根拠としては今ひとつだが直感なんてそういうものだろう。
だとしたら私はどう転生したのだろう
よくあるパターンは
悪役令嬢とかのゲーム系の世界
モンスターのいる世界
剣と魔法の世界
だいたいこういう出来事は相場が決まっている
「(相場ねぇ…)」
まあ…この世に転生を経験したことがある人間などそういるはずもないから
自分の前世の記憶などあてになるとは思えないが…
「(そうそう…重要なことがあったわ)」
第一に確認しておかなくてはならないことがある。
「ねぇ…私達って何かと戦っているの?」
とりあえず気になることはそれである。
自分の身に何が起きようと、まずは身を守るのが生存本能である。
「ご心配なく。聖域にアイリス様に害なす人間は入れないように出来ています」
「…」
「(出来ている、ね…)」
その言葉を額面通り…当てにしていいやら…
まあいい…
「…」
「アイリス様は宿命を覚えてらっしゃらないのですか?」
キョトンとした顔でエリスさんが尋ねてきた。
うーん…なんと答えていいやら。
先程と違って気を失っている間に頭が冴えてきたのか、情報の整理は出来てきているのだが…
「(さてさて)」
迂闊なことを言って今の護られている立場は放棄したくないし…
「…時が来たら…」
それっぽいこと言って誤魔化そう、
「やはりおぼえてないのですね」
バレてる…ヤバっ…
昔から感情が表情に出やすいのよね私…
「アイリス様は石版の巫女。
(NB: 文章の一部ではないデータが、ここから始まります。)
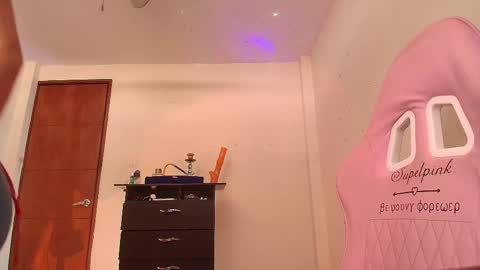 Snapshot of alissa_grey2 chatting on September 19, 1:21 pm Alissa online show from September 19, 1:21 pm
お眠りになられていた石版の力を開放しこの世のありとあらゆる法則を書き換えることのできる唯一の女性」
…抽象的だなぁ…
「そう言い伝えられます」
「そう…」
言い伝えというのが曲者である。
大体がたまたま奇跡のように見えた出来事が崇められる…偏見かも知れないが宗教とか教祖とかってそういうものとしか…
俗物であった私には捉えられていない。
「私にその力があるのね」
エリスさんは目を輝かせて頷いた。
「(まいったなぁ…こりゃ)」
異世界だろうし、何でも1000年近く私をあのへんてこな石が眠らせていたという話が本当であれば…
私になんだかの力があるというのがお約束だ…
問題は私にその使い方がわからんのである。
魔法かしら、それとも祈りかしら…
想像力が追いつかない。
「この世の法則…」
「はい。この世界のマナをすべて操る能力です」
「(はい、ヒント来たわあぁぁーー)」
ここは「魔法世界」、メモメモっと
と私は少し心のテンションを上げて今の言葉を記憶した。
少しハイになっているのは間違いない
寝ないで迎える3月とおんなじテンションだ
まああまり笑える話ではないが…
「アイリス様の宿命は来るべき世界の崩壊に備え、この世のすべての生物をマナに還元しすることです」
天使のような微笑みでエリスさんがとんでもないことをのたまっている
終末的カルト思想だね…それ
「(私は生きていたいんだよね…どうであれ)」
この瞬間私は、身を守る術は私にしかないことを本能的に悟るのだった。